The Allegany County Department of Economic Development used $1.9 million in federal funds to develop an industrial park on Kelly Avenue in Cumberland, said Timothy Carney, an economic development representative for the county. The park is being marketed to bring new business to the area.
And a pharmaceutical processing company spent $1.5 million in federal funds to construct an East Baltimore building in which biotechnology companies will conduct pharmaceutical research, said Patrice Cromwell, director of the Maryland Bioprocessing Center.
In all of these projects – and many others throughout Maryland and the nation – federal economic development funds played a critical role, according to officials involved in the operation of the facilities. But due to wrangling in Congress, less federal aid may be available next year. And how that funding is distributed may change significantly.
The House Commerce Committee voted last week to abolish the Department of Commerce, which has been a stated goal of the Republican majority since it took control of Congress in January. The cabinet department includes, among other agencies, the Economic Development Administration, which provides federal funds to states, counties and municipalities.
But another House Committee – the Transportation and Infrastructure Committee – approved legislation that would save the development agency by breaking it up into eight regional commissions by late 1996.
In the meantime, the Senate Appropriations Committee voted to cut funds to the development agency by 75 percent, from $409.6 million to $100 million. The Senate is expected to vote later this week.
Maryland’s top three Democratic officials, Sens. Paul Sarbanes and Barbara Mikulski and Gov. Parris Glendening, last week criticized the Senate panel’s action. The cuts are “the equivalent of eating our seed corn,” Glendening said in a statement.
Sarbanes credited the federal agency with pumping $151 million into Maryland’s economy since it was established in 1965.
Rep. Wayne Gilchrest, an Eastern Shore Republican and chairman of the House Transportation subcommittee on public buildings and economic development, also said he supports continued federal economic development aid, but not from the Commerce Department.

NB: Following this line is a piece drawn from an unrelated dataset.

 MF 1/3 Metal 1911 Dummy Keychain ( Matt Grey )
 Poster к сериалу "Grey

He said he supports a “regional approach” to economic development, which would give states, counties and municipalities greater control over how the money is spent.
Gilchrest’s subcommittee has proposed establishing eight economic development commissions, which would continue to allocate federal funds, said Dan Walsh, Gilchrest’s legislative director. Maryland would be included in a Mid-Atlantic commission, he said.

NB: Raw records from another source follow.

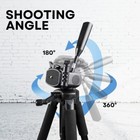 60  Pro Series Tripod For Gopro Hero10 9 8 7 6  5  4  3   3  2  1  Fusion Camera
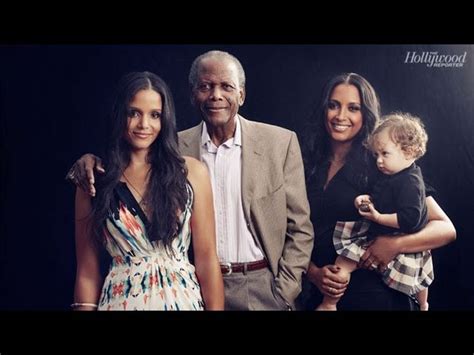 Sidney Poitier Daughter : Sidney Poitier And Daughter Sydney Tamiia ...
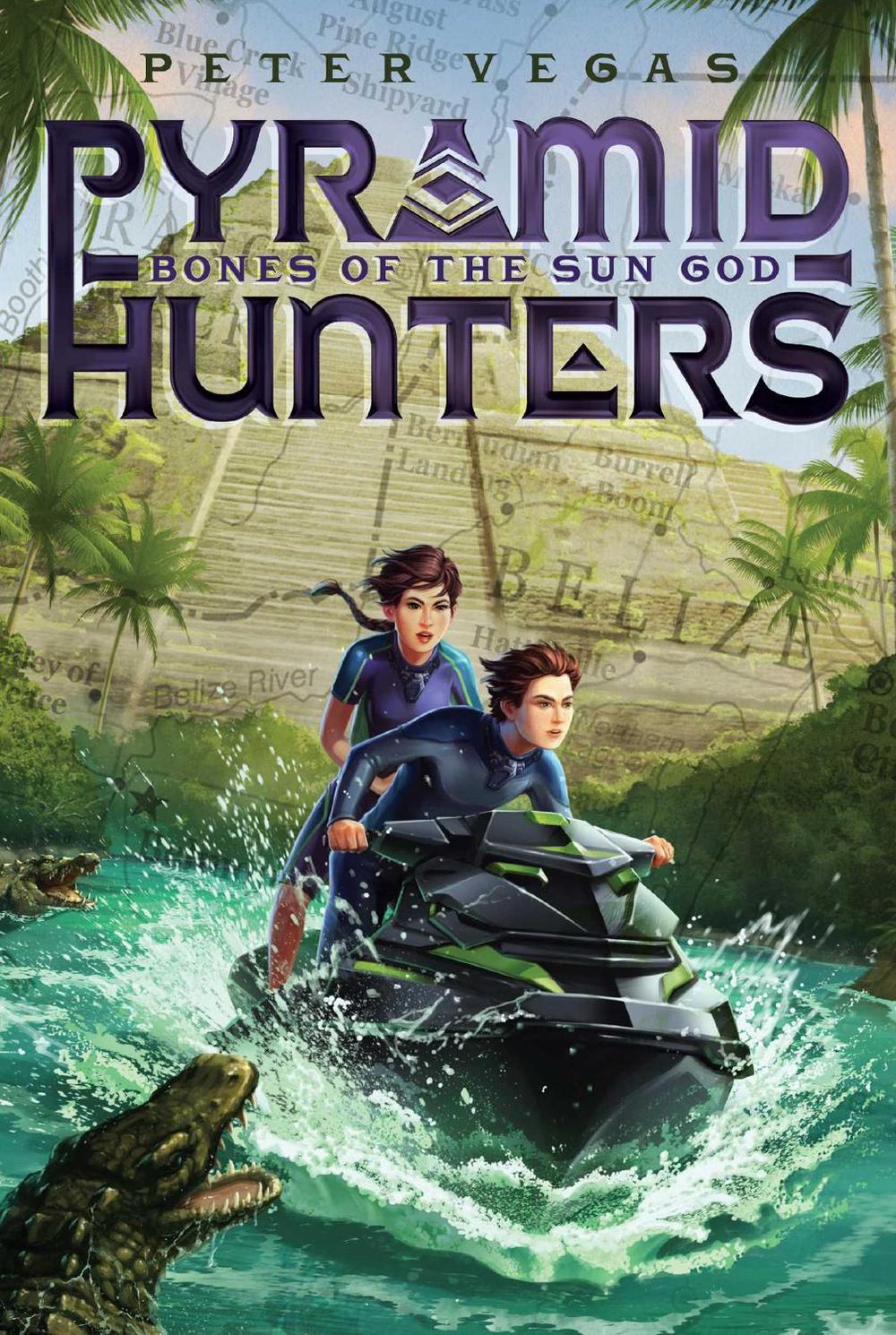 Bones of the Sun God by Peter Vegas - ISBN: 9781481445832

Each governor would appoint a representative on a board that oversees the regional organization, he added.
Although less federal money would be available from regional commissions, additional funds could be found by eliminating the Commerce Department staff, Gilchrest said.
He said economic development funds helped the University of Maryland Eastern Shore attract additional money for Grumman Corp. to manufacture parts for the F-14 fighter plane.

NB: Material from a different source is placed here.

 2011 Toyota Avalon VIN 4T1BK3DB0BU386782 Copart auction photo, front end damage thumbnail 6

Republicans have pledged to cut the growth of government, and new commissions and other agencies that might emerge from the remains of the Commerce Department would be “tightly reined,” said Rep. Carlos J. Moorhead, R-Calif., the most senior GOP member of the Commerce Committee.
Rep. Henry A. Waxman, D-Calif., another Commerce Committee member, said he believes President Clinton would win a threatened veto battle with Congress over efforts to kill the department. “The Commerce Department has support,” he said.